───── Exercise materials ─────
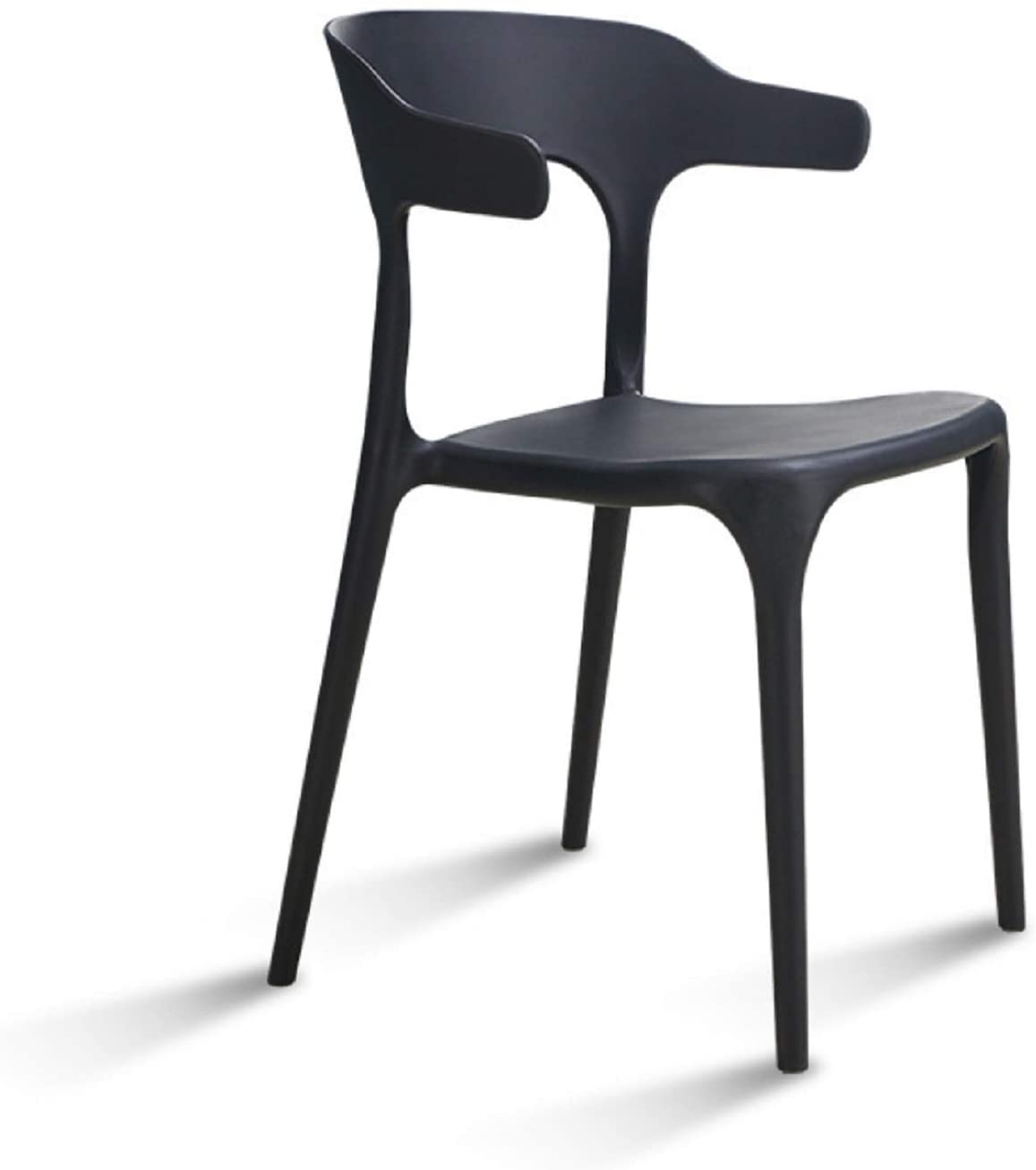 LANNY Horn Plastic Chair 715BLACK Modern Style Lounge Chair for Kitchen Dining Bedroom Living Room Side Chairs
─────
───── Exercise materials ─────
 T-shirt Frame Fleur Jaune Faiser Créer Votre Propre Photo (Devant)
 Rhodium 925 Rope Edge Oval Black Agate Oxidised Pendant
─────
## What the task asks
Starting with the line that holds "T-shirt Frame Fleur" and ending with the line that holds "Rhodium 925 Rope", retype every line in the data above exactly, and nothing else.

## Answer to this exercise
 T-shirt Frame Fleur Jaune Faiser Créer Votre Propre Photo (Devant)
 Rhodium 925 Rope Edge Oval Black Agate Oxidised Pendant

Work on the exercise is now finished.